Scan the listing below for "mavjud", then report every line that has it.

_____

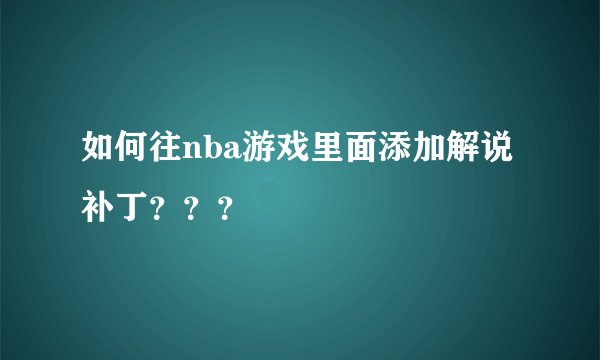 如何往nba游戏里面添加解说补丁？？？
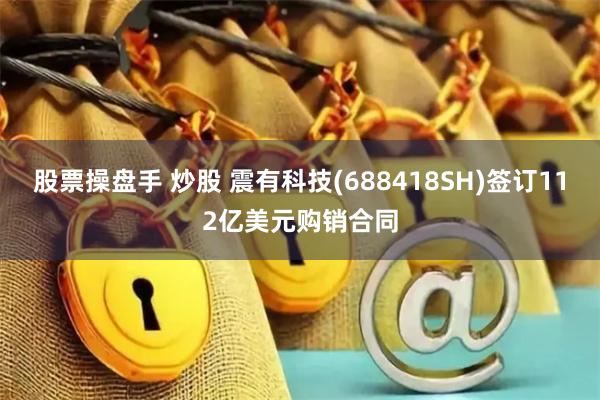 股票操盘手 炒股 震有科技(688418SH)签订112亿美元购销合同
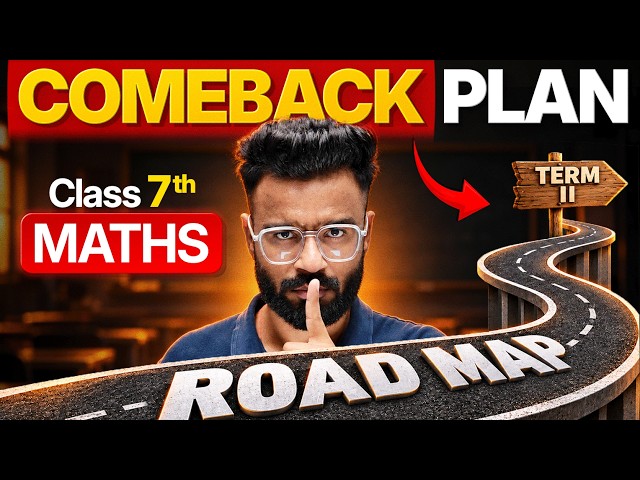 CLASS 7 MATHS 🔥 TERM 2: COMPLETE COMEBACK ROADMAP 💪 |#class7 #cbsemaths #nexttoppersjuniors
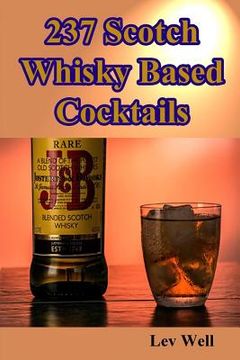 portada 237 Scotch Whisky Based Cocktails (en Inglés)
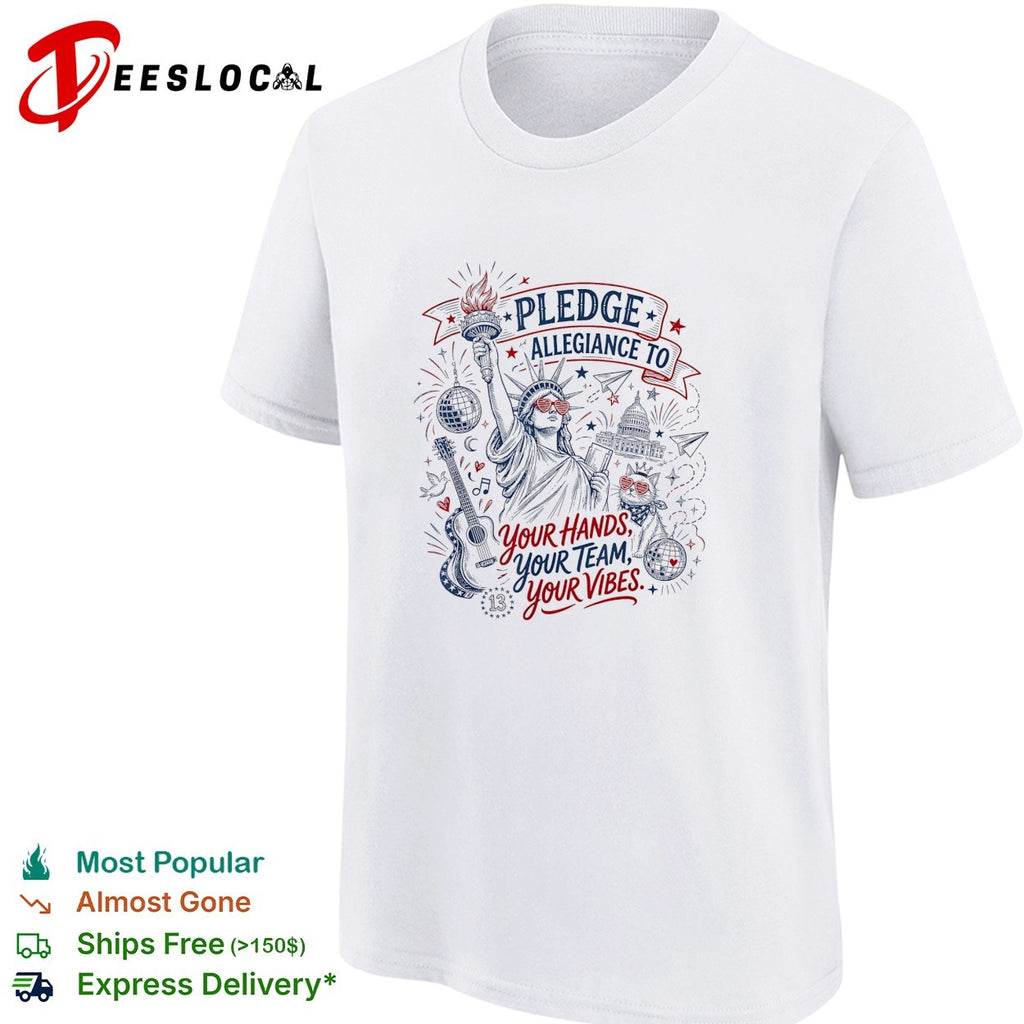 Statue of Liberty holding torch pledge allegiance to your hands your team your vibes shirt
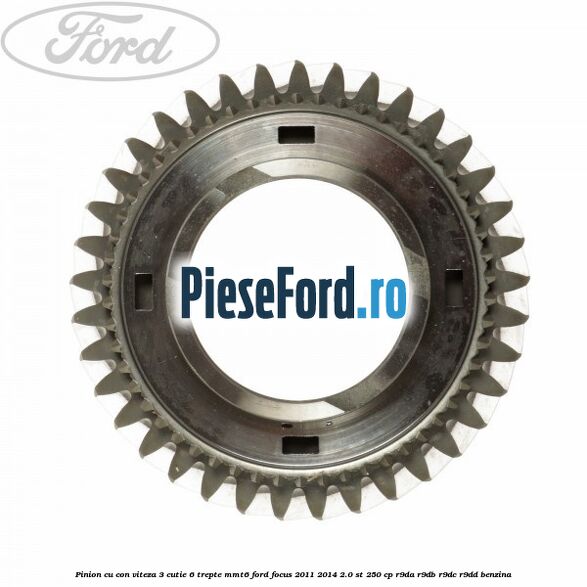 Pinion cu con viteza 3 cutie 6 trepte MMT6 Ford Focus 2011-2014 2.0 ST 250 cp R9DA, R9DB, R9DC, R9DD benzina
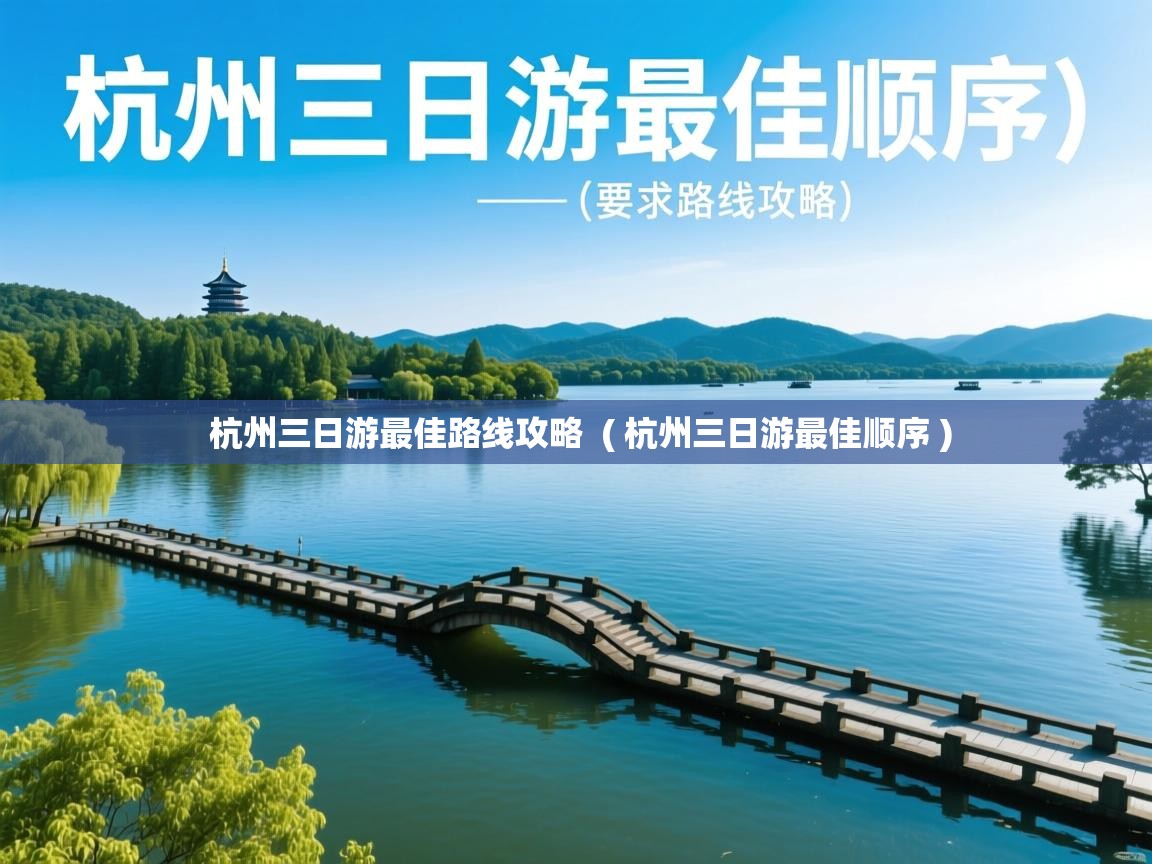  杭州三日游最佳路线攻略  ( 杭州三日游最佳顺序 )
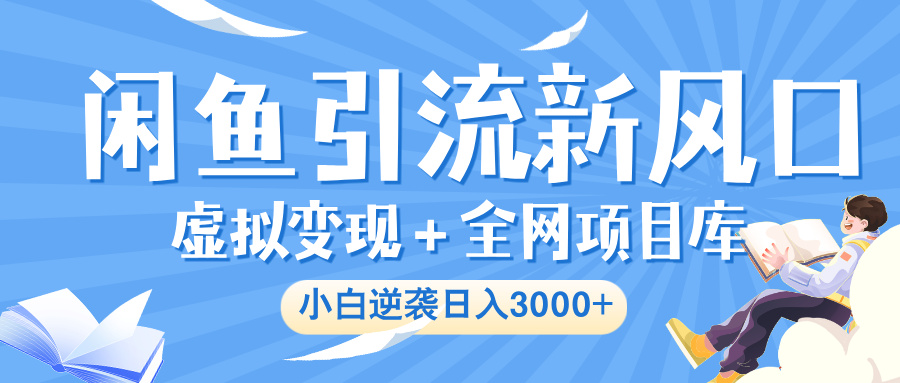 闲鱼引流新风口，虚拟变现＋全网项目库，小白逆袭日入 3000+-云峥科技网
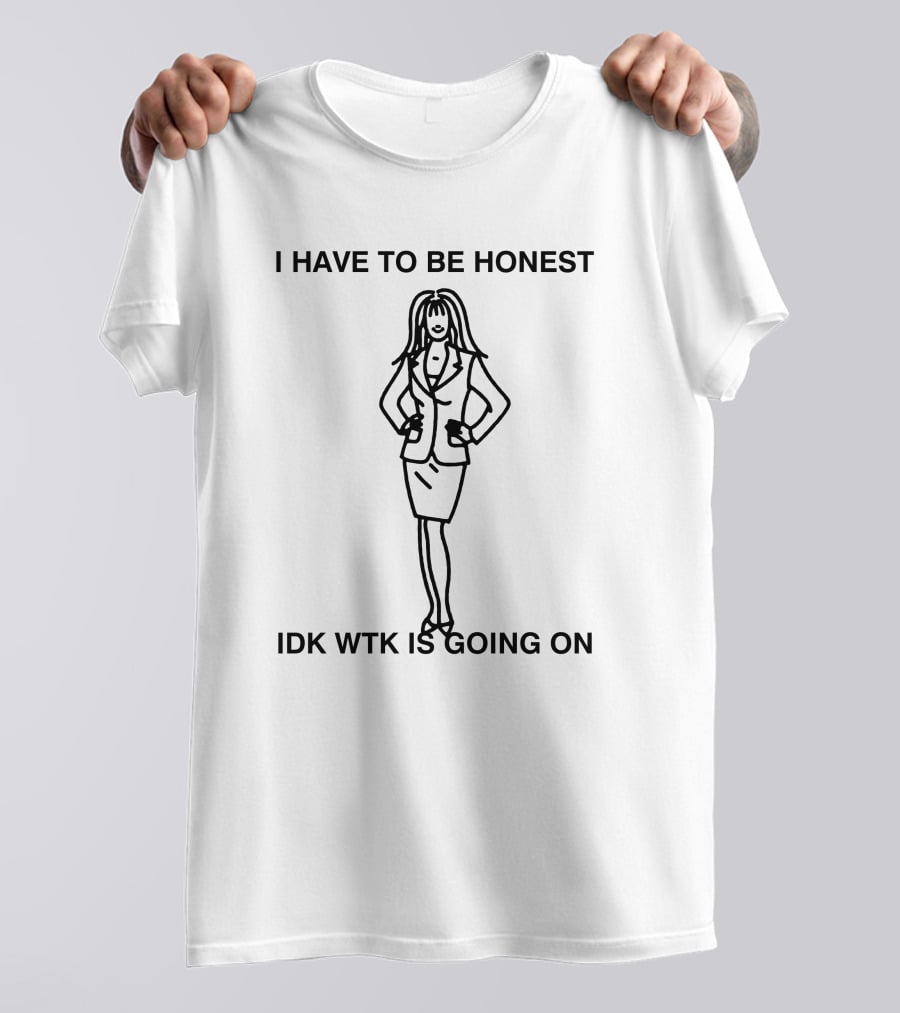 I Have To Be Honest Idk Wtk Is Going On Woman In Business Suit Line T-Shirt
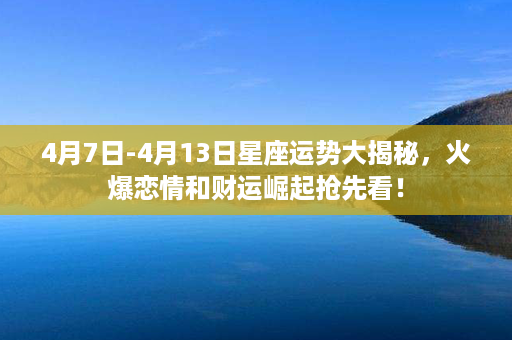 4月7日-4月13日星座运势大揭秘，火爆恋情和财运崛起抢先看！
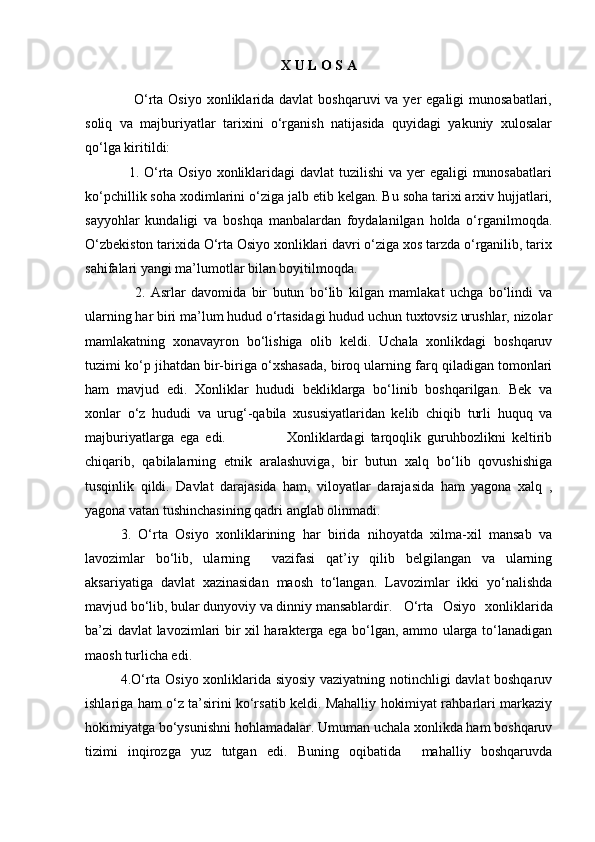 X U L O S A 
                   O‘rta Osiyo  xonliklarida davlat  boshqaruvi  va yer  egaligi  munosabatlari,
soliq   va   majburiyatlar   tarixini   o‘rganish   natijasida   quyidagi   yakuniy   xulosalar
qo‘lga kiritildi:
                 1. O‘rta Osiyo xonliklaridagi  davlat tuzilishi  va yer  egaligi  munosabatlari
ko‘pchillik soha xodimlarini o‘ziga jalb etib kelgan. Bu soha tarixi arxiv hujjatlari,
sayyohlar   kundaligi   va   boshqa   manbalardan   foydalanilgan   holda   o‘rganilmoqda.
O‘zbekiston tarixida O‘rta Osiyo xonliklari davri o‘ziga xos tarzda o‘rganilib, tarix
sahifalari yangi ma’lumotlar bilan boyitilmoqda.
                  2.   Asrlar   davomida   bir   butun   bo‘lib   kilgan   mamlakat   uchga   bo‘lindi   va
ularning har biri ma’lum hudud o‘rtasidagi hudud uchun tuxtovsiz urushlar, nizolar
mamlakatning   xonavayron   bo‘lishiga   olib   keldi.   Uchala   xonlikdagi   boshqaruv
tuzimi ko‘p jihatdan bir-biriga o‘xshasada, biroq ularning farq qiladigan tomonlari
ham   mavjud   edi.   Xonliklar   hududi   bekliklarga   bo‘linib   boshqarilgan.   Bek   va
xonlar   o‘z   hududi   va   urug‘-qabila   xususiyatlaridan   kelib   chiqib   turli   huquq   va
majburiyatlarga   ega   edi.                     Xonliklardagi   tarqoqlik   guruhbozlikni   keltirib
chiqarib,   qabilalarning   etnik   aralashuviga,   bir   butun   xalq   bo‘lib   qovushishiga
tusqinlik   qildi.   Davlat   darajasida   ham,   viloyatlar   darajasida   ham   yagona   xalq   ,
yagona vatan tushinchasining qadri anglab olinmadi.
3.   O‘rta   Osiyo   xonliklarining   har   birida   nihoyatda   xilma-xil   mansab   va
lavozimlar   bo‘lib,   ularning     vazifasi   qat’iy   qilib   belgilangan   va   ularning
aksariyatiga   davlat   xazinasidan   maosh   to‘langan.   Lavozimlar   ikki   yo‘nalishda
mavjud bo‘lib, bular dunyoviy va dinniy mansablardir.  O‘rta   Osiyo   xonliklarida
ba’zi davlat lavozimlari bir xil harakterga ega bo‘lgan, ammo ularga to‘lanadigan
maosh turlicha edi.
4.O‘rta Osiyo xonliklarida siyosiy vaziyatning notinchligi davlat boshqaruv
ishlariga ham o‘z ta’sirini ko‘rsatib keldi. Mahalliy hokimiyat rahbarlari markaziy
hokimiyatga bo‘ysunishni hohlamadalar. Umuman uchala xonlikda ham boshqaruv
tizimi   inqirozga   yuz   tutgan   edi.   Buning   oqibatida     mahalliy   boshqaruvda 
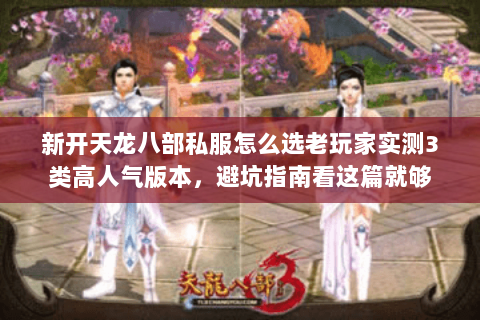 新开天龙八部私服怎么选老玩家实测3类高人气版本,避坑指南看这篇就够 新开天龙八部私服怎么选老玩家实测3类高人气版本,避坑指南看这篇就够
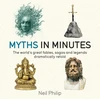 KNYGA Neil Philip Myths in Minutes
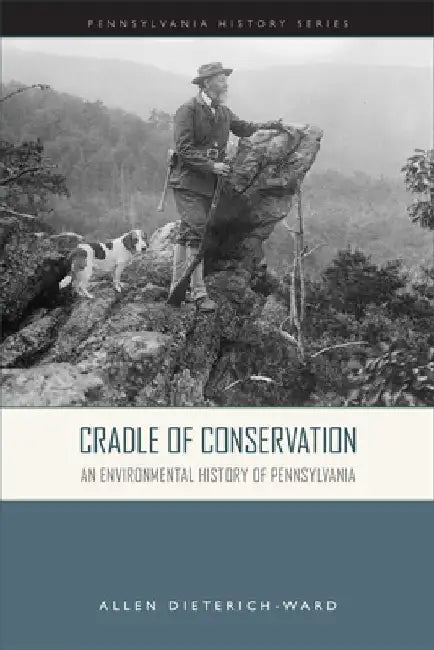 Cradle of Conservation: An Environmental History of Pennsylvania by Allen Dieterich-Ward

_____

*Solution to this task*.
ham   mavjud   edi.   Xonliklar   hududi   bekliklarga   bo‘linib   boshqarilgan.   Bek   va
mavjud bo‘lib, bular dunyoviy va dinniy mansablardir.  O‘rta   Osiyo   xonliklarida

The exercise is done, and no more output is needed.